Jean Isidore Isou co-founded and was principal theorician for a postwar avant-garde movement called lettrism. So called for their emphasis on the letter as the essential element in poetics (as opposed to the word or phrase), they worked in the Paris of the forties and fifties much as the prewar European avant-garde groups such as futurism, dada and surrealism before them did: through manifestos and polemics and public events such as recitals of lettrist poetry, which usually took the form of rhythmic repetition of vocables divorced from lexical meaning. Today they are remembered more for their attitude than for their contributions to aestheitics and culture -- Greil Marcus writes about them as a sort of prototype for the punk subculture in his book Lipstick Traces.
Isou's ideas extended into other areas than literature, and Venom and Eternity (Traité du Bave et d'Eternité) is an example of his idea of "discrepant cinema," the deliberate sundering of the unity between sound and image in film. Perversely, from the standpoint that film is usually considered a visual medium, Isou privileges the heard over the seen in Venom and Eternity supplying a coherent narrative through dialogue and narration on the soundtrack while the visual component consists of randomly selected stock footage, black and white leader, footage of Isou walking through the streets of Paris, and cameos of various leading lights of French literature and film (such as poet-filmmaker Jean Cocteau and novelist André Maurois). As the film runs the visuals progressively become more fragmented and incoherent as footage is repeated, run backwards and upside down, and embellished with scratches and paint. Meanwhile the narrative on the soundtrack, concerning a young filmmaker named Daniel recalling his debate on the aesthetics of discrepant cinema with a hostile crowd in a cinema club and going on to musings mostly on his relationship with his girlfriend Eve, ticks along nicely like a radio play with visual accompaniment, making this film one of the more accessible that I have seen.

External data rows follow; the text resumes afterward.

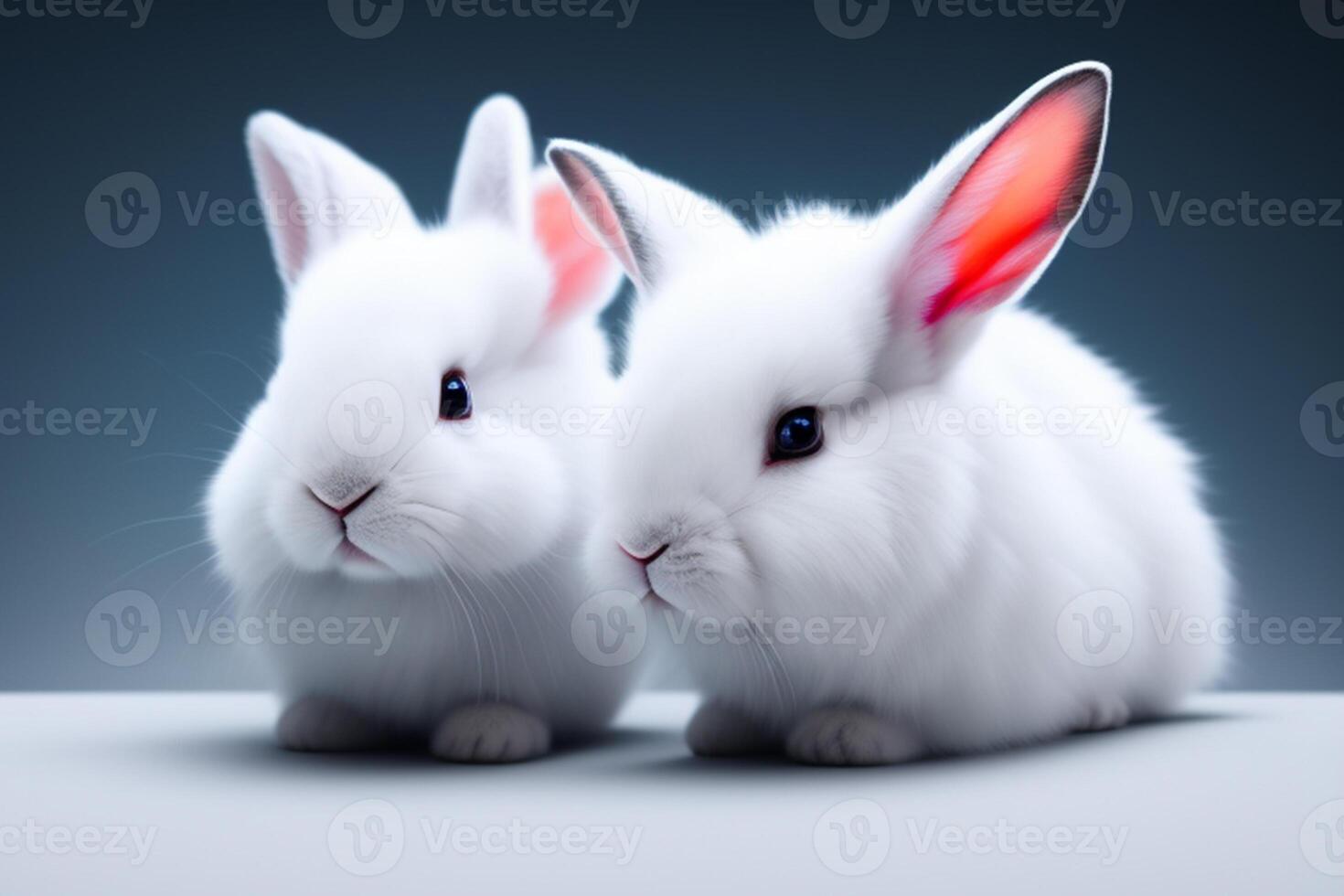 2 linda conejitos sentado juntos ai generado foto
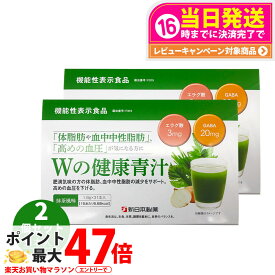 【賞味期限2027年・2個セット】Wの健康青汁 31本入り 新日本製薬 機能性表示食品 GABA エラグ酸 青汁 国産 粉末 送料無料
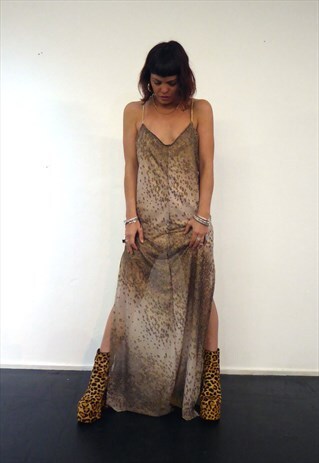 LEOPARD PRINT MESH MAXI DRESS WITH GOLD CHAIN STRAPS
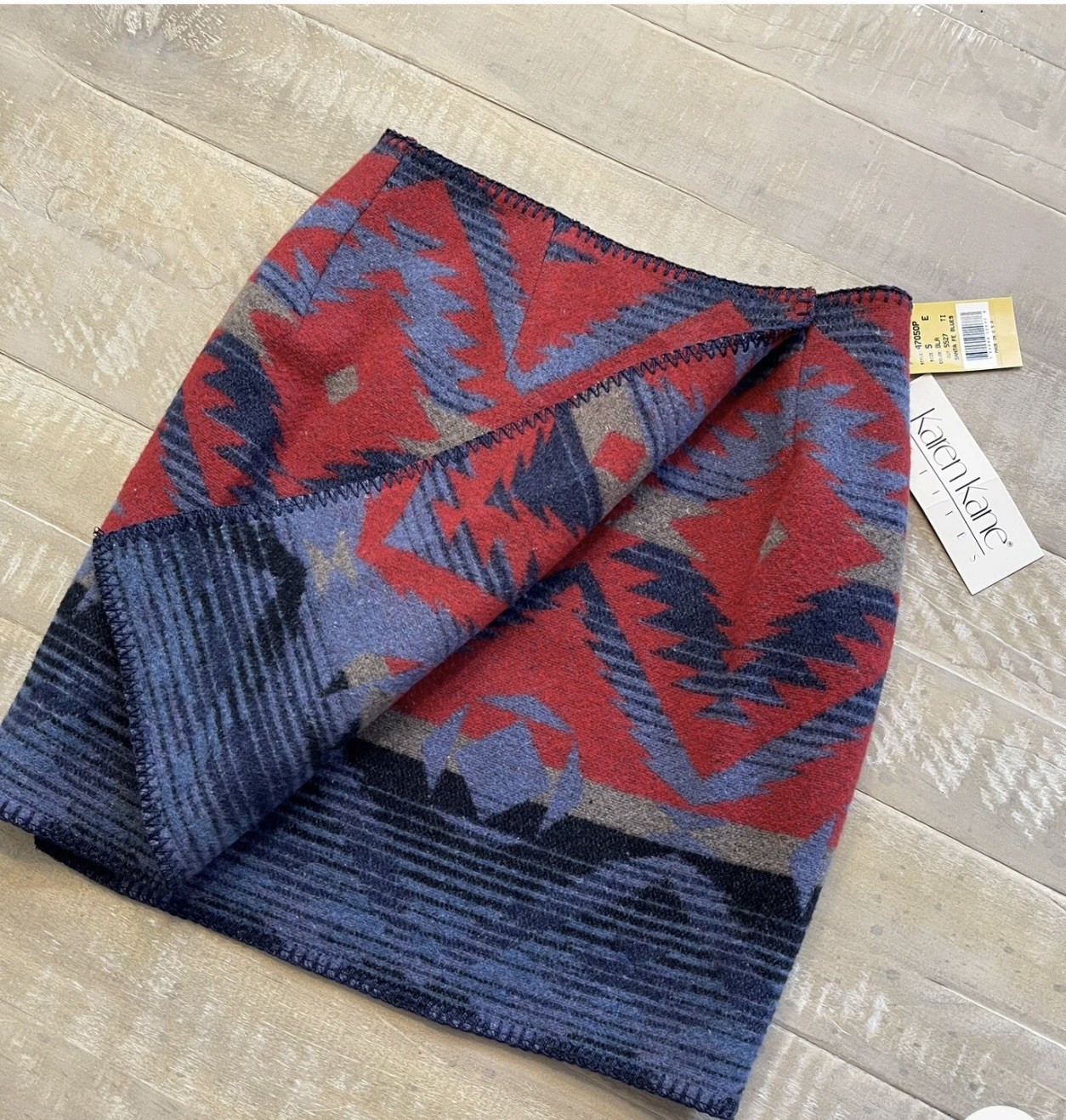 NEW OLD STOCK Vintage 90’s Wool Blend Southwestern Aztec Wrap Skirt Small Petite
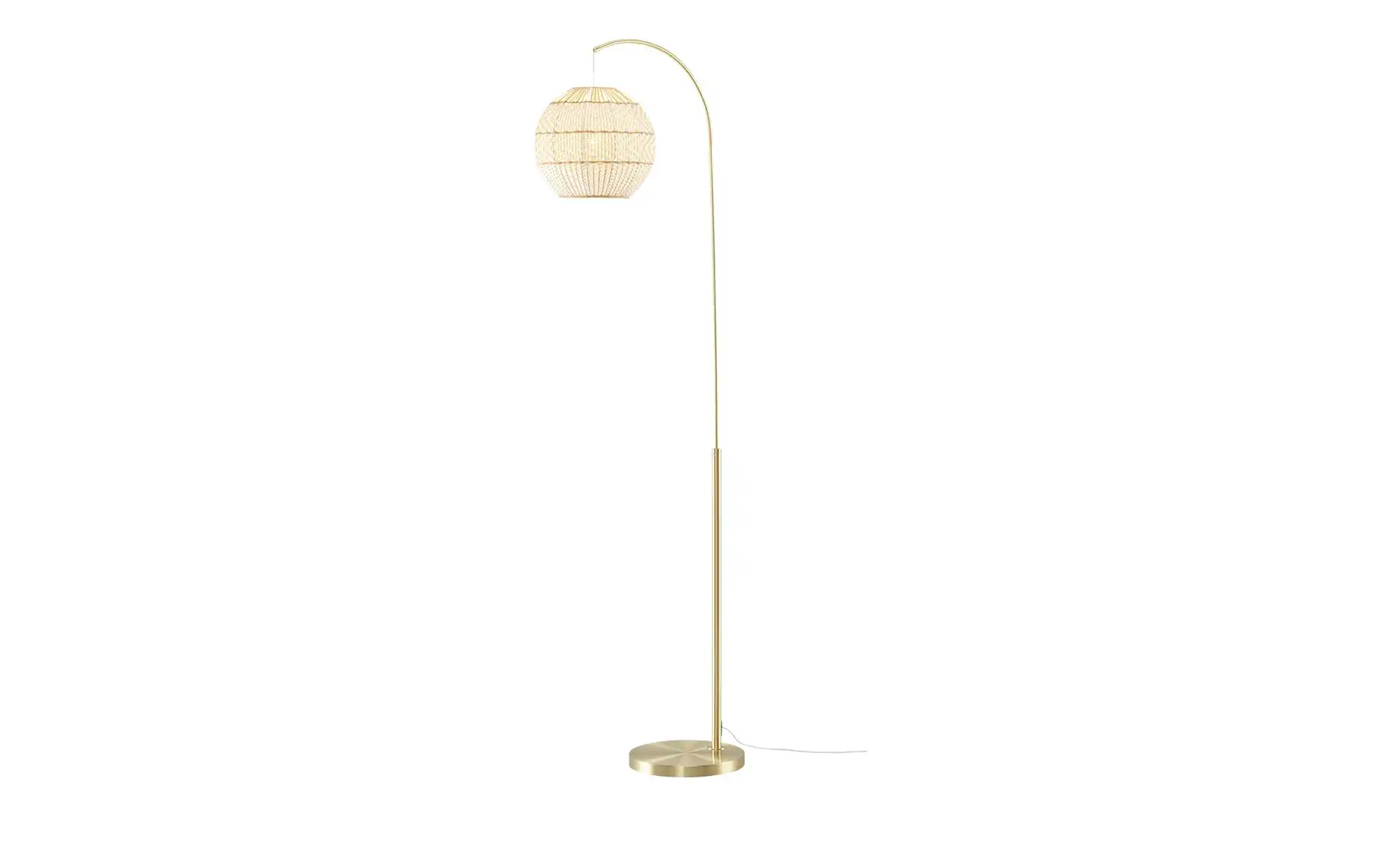 KHG Bogenleuchte, 1-flammig, messing/ Rattan-Schirm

Venom and Eternity is intriguing for its rejection of assumptions shared by conventional and experimental filmmaking alike. But from the perspective of today, where yesterday's avant-garde technique is tomorrow's music video or commercial for soft drinks, questions can still be asked about the film: for example, why should the soundtrack be so coherent and straightforward, given the author's advocacy for poetic language and speech liberated from sense? Why is the material chosen so autobiographical in nature, or at least why does it seem so? Wouldn't lettrist poetry or texts have been an equally appropriate choice, if not more so? The basic idea of discrepant cinema is interesting and also inviting to the non-professional: theoretically you could do it without a camera -- today, you could do it without film. The film questions audio-visual unity, to an extent it questions narrative, and it certainly questions image. It does not question authorship though, and it doesn't question the romantic myth of the artist as visionary. All this leads for me to the almost unavoidable identification of the author Isou with his fictional mouthpiece Daniel -- what with Daniel's advocacy of discrepant cinema and lettrism coupled with the countless instances of Isou's handsome mug ( Isou definitely pioneered the Elvis look before its time) through the film -- and to a hard-to-miss sense of egotistical self-promotion which, given Daniel's high-handed treatment of his opponents, his emotional callousness towards the women in his life, and his general appearance of being a loudmouthed jerk, gives the film an unpleasantness that's difficult not to carry to the author. But maybe that's just me.